©︎ Sacrebleu Productions

22nd Animation Division Grand Prize

La Chute

Animated short film

Boris LABBÉ [France]

Outline

A short animated film inspired by Dante Alighieri’s Divine Comedy Inferno. Approximately 3,500 pieces of Indian ink and water color are digitally edited and overlaid by an original music of string orchestra fragments and electronics. The scenes are largely divided into the Earth and the Hell. There is a seed-like object, from which roots extend to create the Earth. There, life circulates as the plant and human transform into each other. The celestial beings, who look like a bird and a person, loop around in the sky.

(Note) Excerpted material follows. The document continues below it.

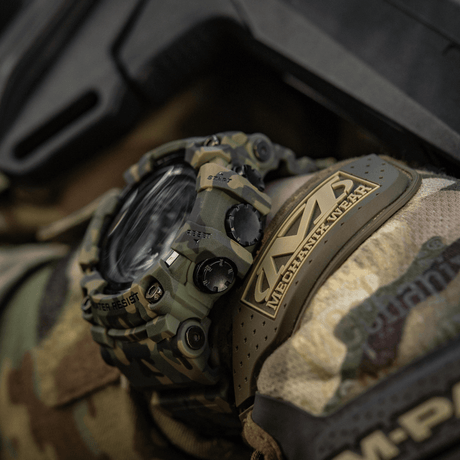 M-Tac Tactical Ur 2037 i robust design med kompas, LED-baggrundsbelysning, og stopur. Ideelt til udendørs og taktisk brug.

In the image plane which has unique darkness created by reversing the black and white of the ink painting, the vibrant colors in the center of the plants, people, or celestial beings, move lively, expressing the force of life. Eventually on the Earth appear tools that resemble musical instruments and buildings. Halfway into the film, the celestial beings descend to the Earth and begin destroying the activities there, disturbing the world’s order and creating chaos. Initiated by these terms, a tragic fall leads to the parturition of the crucial opposites: Hell and Heaven’s circles. The film, referencing the masters of the Western art history from Renaissance Sandro Botticelli to Pieter Bruegel the Elder, Francisco de Goya, and Henry Derger, depicts the grand theme of loops, metamorphoses, and degeneration and regeneration.
14 min. 22 sec.
© Sacrebleu Productions

Reason for Award

This animated short film is the ultimate piece to observe and experience emotionally. The heavy, dark, matter-of-factly depicted world is simultaneously peaceful and somewhat disturbing with the perceived refusal to see reality for what it is. The persistently repetitive expressions and the moving parts are dispersed in various spaces in a manner reminiscent of pieces of a puzzle that should be put together, and this allows the viewer to take in the picture in its entirety from a floating vantage point. Just like the visual images, the soundtrack of the film is a minimalistic and simple composition that successfully creates a unique world. The mixture of the soundtrack and the visual images further expands the mystical ambience of this world. The expressions that convey the unusual sensibility of the author are not on a level accessible to everyone, but they open up new territories to which one must resign oneself, and highlight the power and sense of presence of this film as a work of art. The approach of putting together numerous small individualities and producing an aggregate with distinct individuality generates associations with the modalities of actual human society. The author uses chaos, confusion, and harmony to create unique beauty, thus producing a smooth minimalistic animated film with an extremely high level of accomplishment.